*** Provided data Section Begins ***
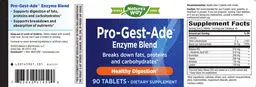 Label for Pro-Gest-Ade Enzyme Blend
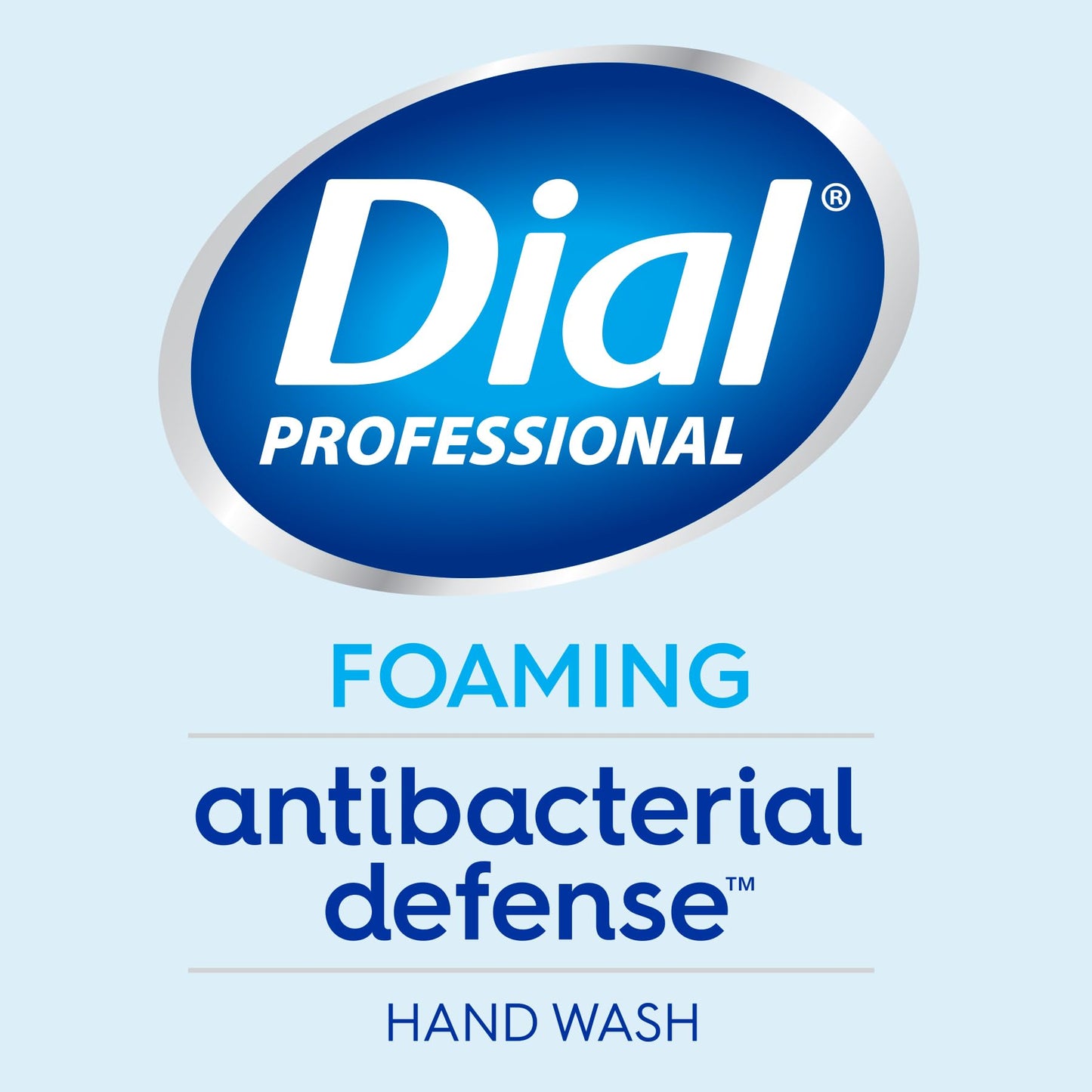 Dial Professional Spring Water Antibacterial Defense Foaming Hand Wash, 1 Gallon Refill Bottle, 128 Fl Oz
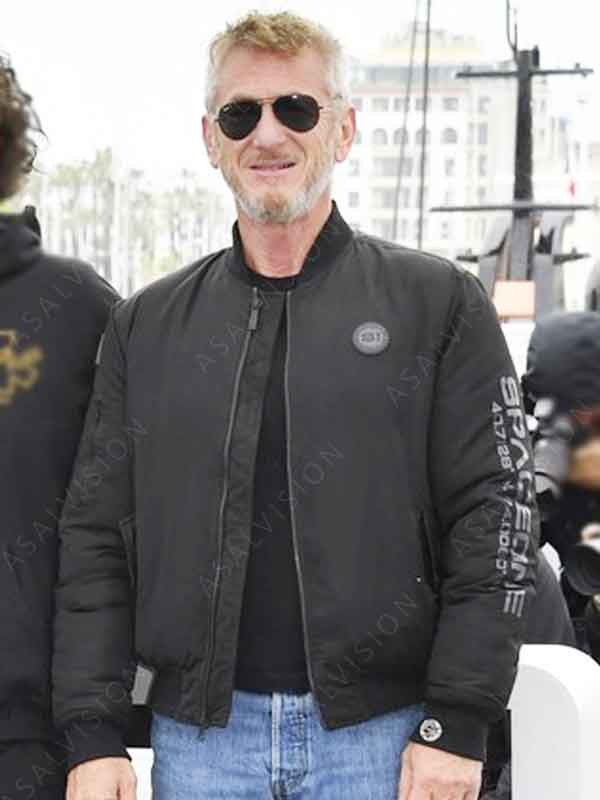 Asphalt City 2024 Gene Rutkovsky Black Bomber Jacket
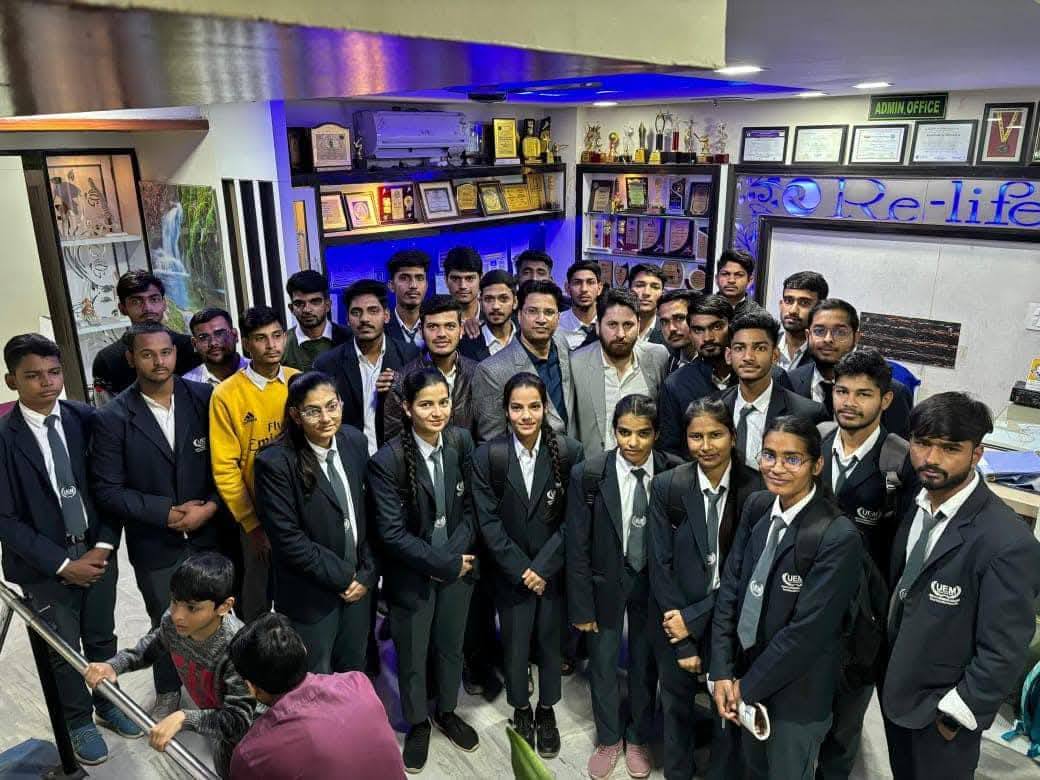 Over the years, our students of BPT of UEM JAIPUR, have been helping in treating child patients of Cerebral Palsy and other diseases.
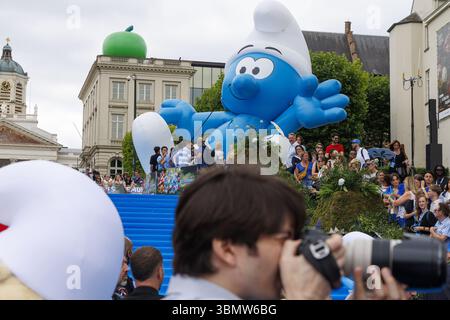 Brüssel, Belgien Juni 2025. Dieses Bild wurde während der Uraufführung des neuen Films „de Smurfen/Les Schtroumpfs“ am Samstag, den 28. Juni 2025, in Brüssel aufgenommen. BELGA FOTO NICOLAS MAETERLINCK Credit: Belga News Agency/Alamy Live News Stockfoto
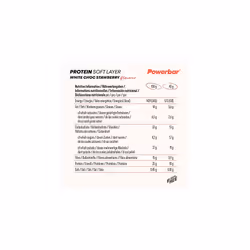 Powerbar Protein Soft Strawberry White Chocolate 12x40g - High Protein + Palm Oil Free, Brown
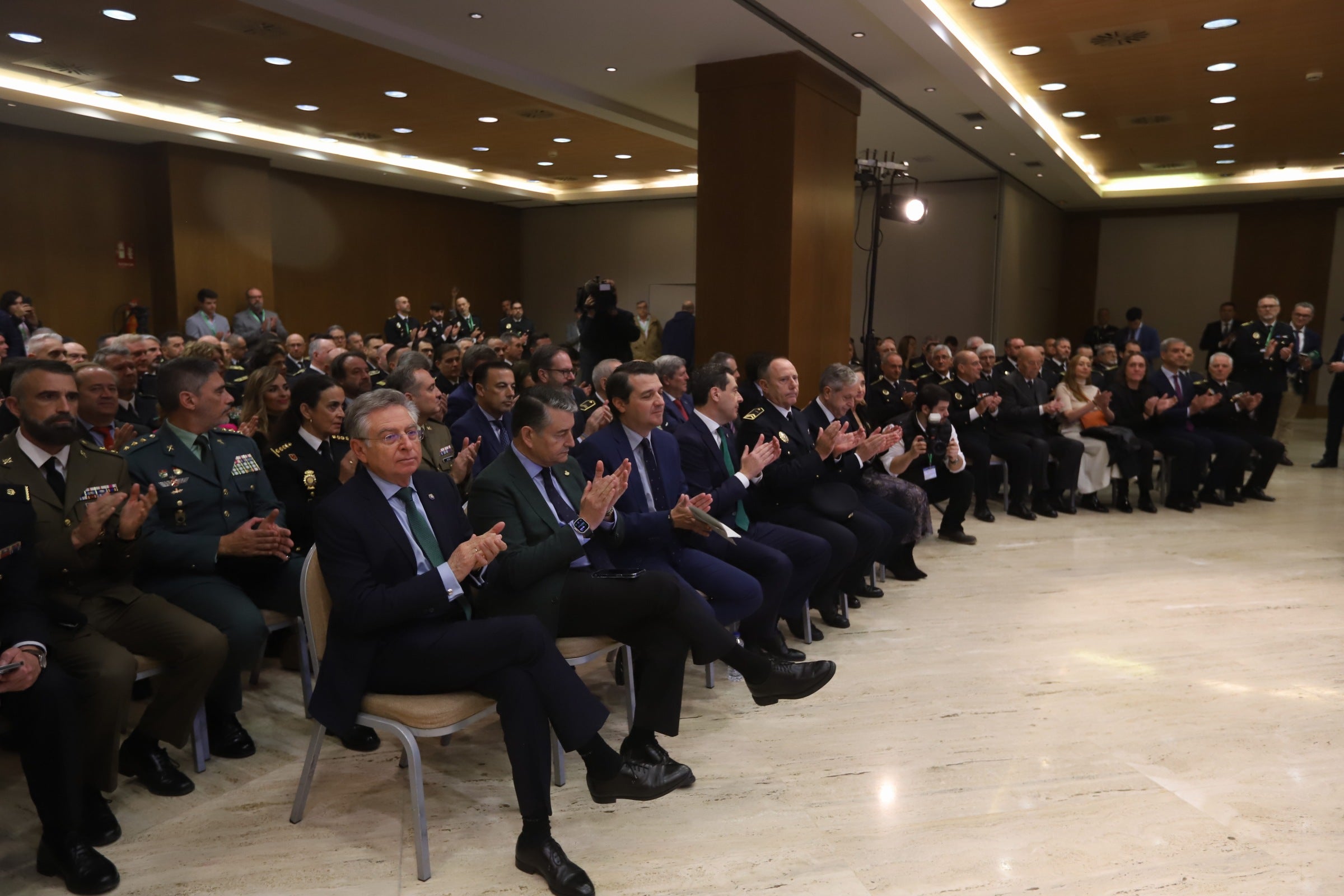 Los premios del congreso de jefes de Policía Local de Andalucía en Córdoba, en imágenes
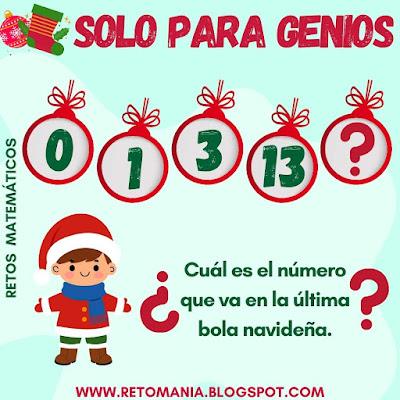 Navidad, MateNavidad, Retos en Navidad, RetoNavidad, Desafíos matemáticos, Problemas matemáticos, Retos matemáticos, Retos virales, Retos mentales, Descubre el número, El número oculto, El número que falta, Acertijos, Acertijos visuales, Acertijos matemáticos, Acertijos mentales, Descubre el número, El Intruso, Solo para Genios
*** Provided data Section Ends ***
Leave the images out and transcribe the remaining data above word for word.

### Exercise solution
 Label for Pro-Gest-Ade Enzyme Blend
 Dial Professional Spring Water Antibacterial Defense Foaming Hand Wash, 1 Gallon Refill Bottle, 128 Fl Oz
 Asphalt City 2024 Gene Rutkovsky Black Bomber Jacket
 Over the years, our students of BPT of UEM JAIPUR, have been helping in treating child patients of Cerebral Palsy and other diseases.
 Brüssel, Belgien Juni 2025. Dieses Bild wurde während der Uraufführung des neuen Films „de Smurfen/Les Schtroumpfs“ am Samstag, den 28. Juni 2025, in Brüssel aufgenommen. BELGA FOTO NICOLAS MAETERLINCK Credit: Belga News Agency/Alamy Live News Stockfoto
 Powerbar Protein Soft Strawberry White Chocolate 12x40g - High Protein + Palm Oil Free, Brown
 Los premios del congreso de jefes de Policía Local de Andalucía en Córdoba, en imágenes
 Navidad, MateNavidad, Retos en Navidad, RetoNavidad, Desafíos matemáticos, Problemas matemáticos, Retos matemáticos, Retos virales, Retos mentales, Descubre el número, El número oculto, El número que falta, Acertijos, Acertijos visuales, Acertijos matemáticos, Acertijos mentales, Descubre el número, El Intruso, Solo para Genios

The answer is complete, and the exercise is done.